Maverick,
I really could kick myself. After having researched scores of news articles on CPQ last night (some of which I posted...you might look through my profile for the CPQ/NETWORKING articles), it became painfully obvious that CPQ will enter the networking sector through acquisition. It is hardly a "dark horse" suitor when one just looks at its actions and expressed intentions:
As one of these articles noted, CPQ intends to be a $40B company by 2000. That will necessitate acquisitions in an industry with fast revenue growth. The internet is the obvious focus.

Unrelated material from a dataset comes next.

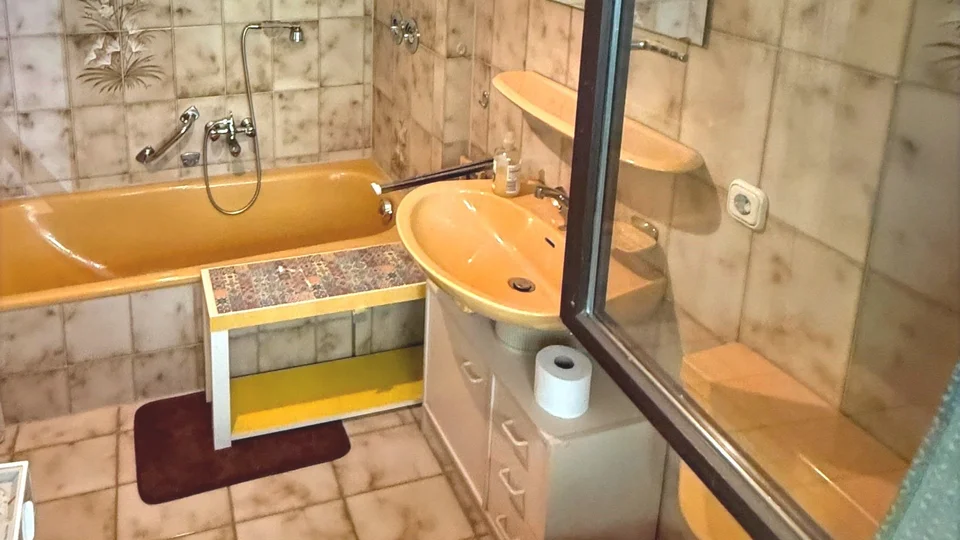 Sonnige Erdgeschosswohnung mit großer Terrasse – klein im Format, groß in den Möglichkeiten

As several of these articles noted, CPQ intends to be a major player in networking. Microcom is small potatoes compared to what CPQ needs to make a big revenue splash in this field. It needs an ASND or a COMS or some such entity (or more than one).
Of course, as CPQ itself explicitly stated in a 14-C filed October 20 or 24, it seeks authorization for an additional 2Billion shares for the very purpose of, among other things, "acquiring businesses."
Some time ago, you had suggested that ASND/COMS would be a good fit. That being the case, is CPQ/ASND/COMS too much to grab in one fell swoop? In the alternative, what would be the consequences of not doing so? (For example, the competition might be terribly fierce were CPQ to acquire COMS but leave ASND be, only to see it swallowed up by a LU on the attack, resulting in greater pressure on margins down the road.)
If you were CPQ and could cherry pick either ASND or COMS but not both, which of the two entities would you prefer to acquire, and why?
You don't need to respond, but it seems to me that if we can determine CPQ's best approach toward meeting its $40B target, we can make a more educated guess as to how likely a CPQ/ASND combination might be.